Write out the records in full, exactly as given, but without the images.

━━━

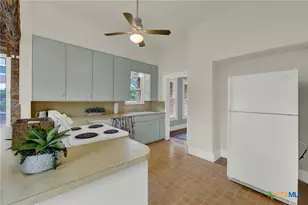 111 Basel St, New Braunfels, TX 78130 - Photo 14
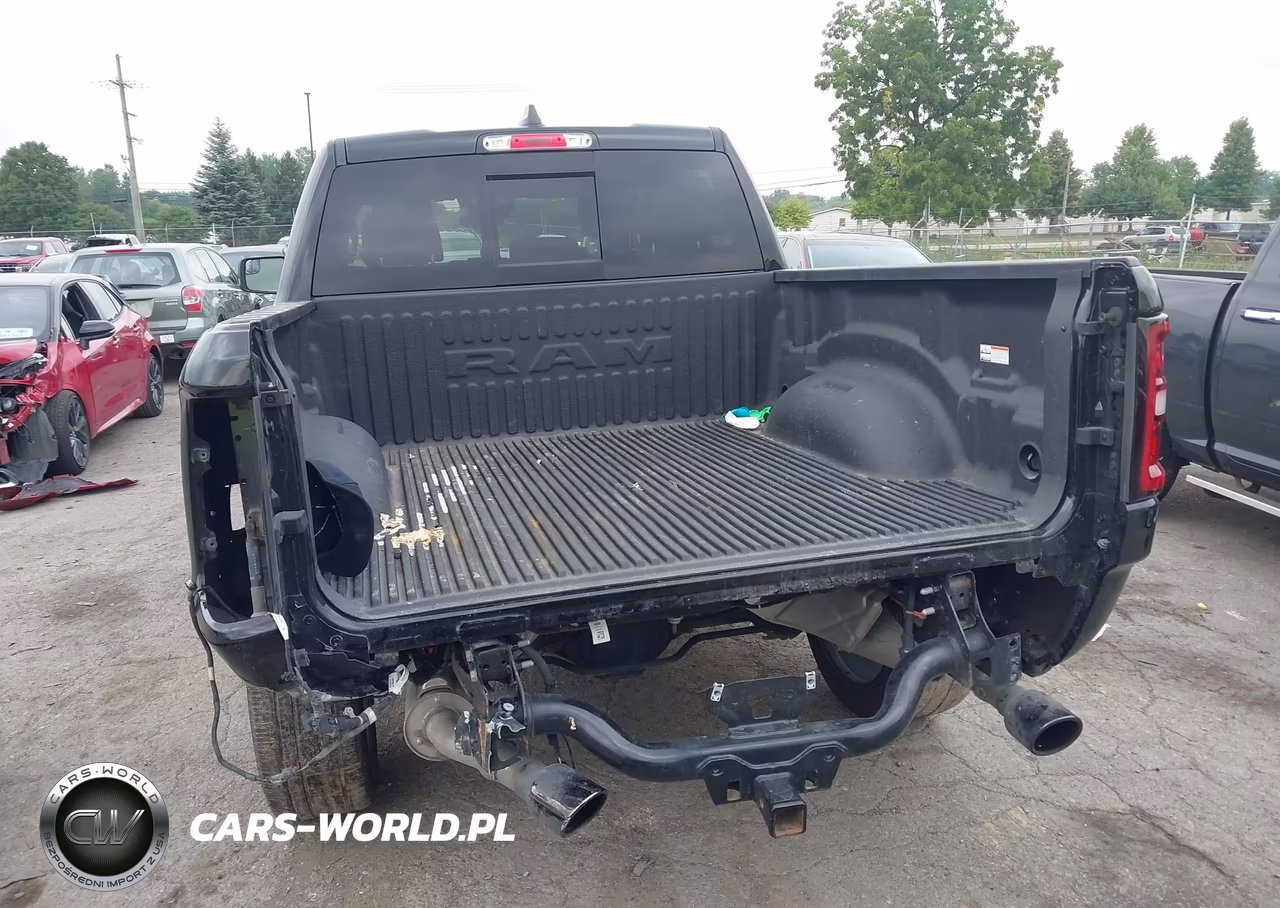 2025 Ram 1500 Laramie 4X4 5'7 Box VIN:1C6SRFJP3SN630217 - 16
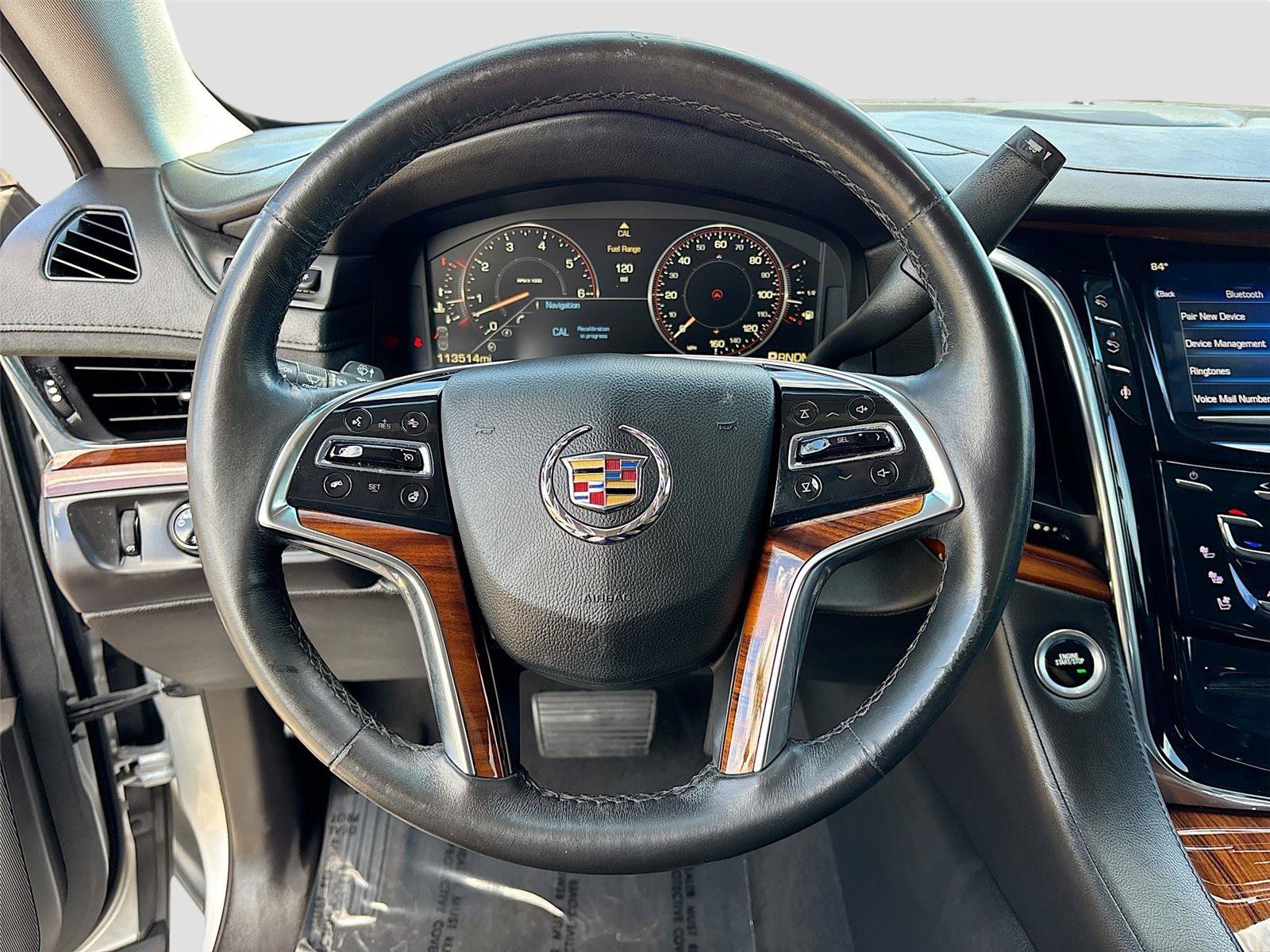 Used 2015 Cadillac Escalade ESV Luxury RWD image 11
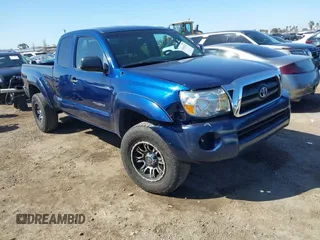 2008 Toyota Tacoma PreRunner with VIN 5TETU62N78Z590352, listed as a IAAI auction lot 41818321 with 190,762 mi miles. Bid and sale history available at carsss.com. Image 1.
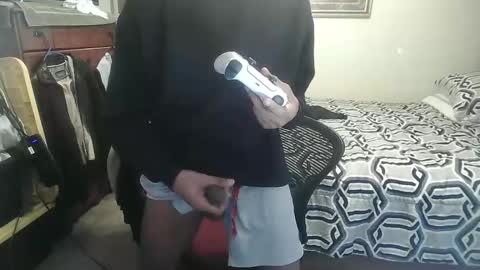 Snapshot of genowixk chatting on 12-19-25, 02:02 genowixk online show from 12-19-25, 02:02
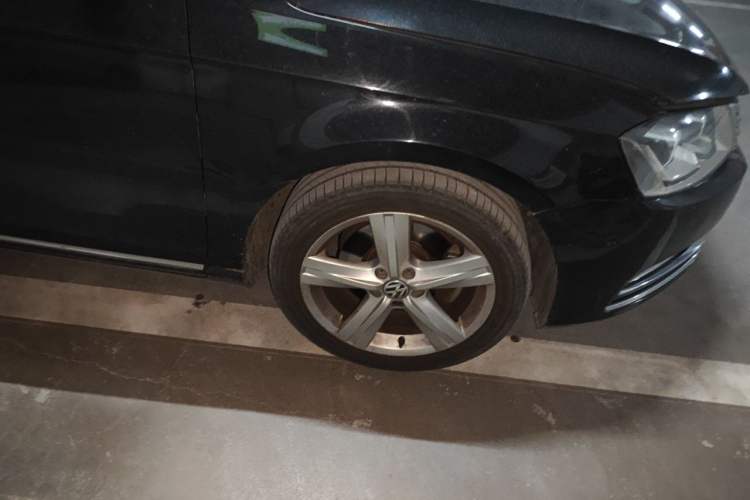 Used Volkswagen Magotan 2015 Revised Version 2.0 TSI Prestige Edition Right Front Wheel Hub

━━━

RESPONSE TO THIS EXERCISE
 111 Basel St, New Braunfels, TX 78130 - Photo 14
 2025 Ram 1500 Laramie 4X4 5'7 Box VIN:1C6SRFJP3SN630217 - 16
 Used 2015 Cadillac Escalade ESV Luxury RWD image 11
 2008 Toyota Tacoma PreRunner with VIN 5TETU62N78Z590352, listed as a IAAI auction lot 41818321 with 190,762 mi miles. Bid and sale history available at carsss.com. Image 1.
 Snapshot of genowixk chatting on 12-19-25, 02:02 genowixk online show from 12-19-25, 02:02
 Used Volkswagen Magotan 2015 Revised Version 2.0 TSI Prestige Edition Right Front Wheel Hub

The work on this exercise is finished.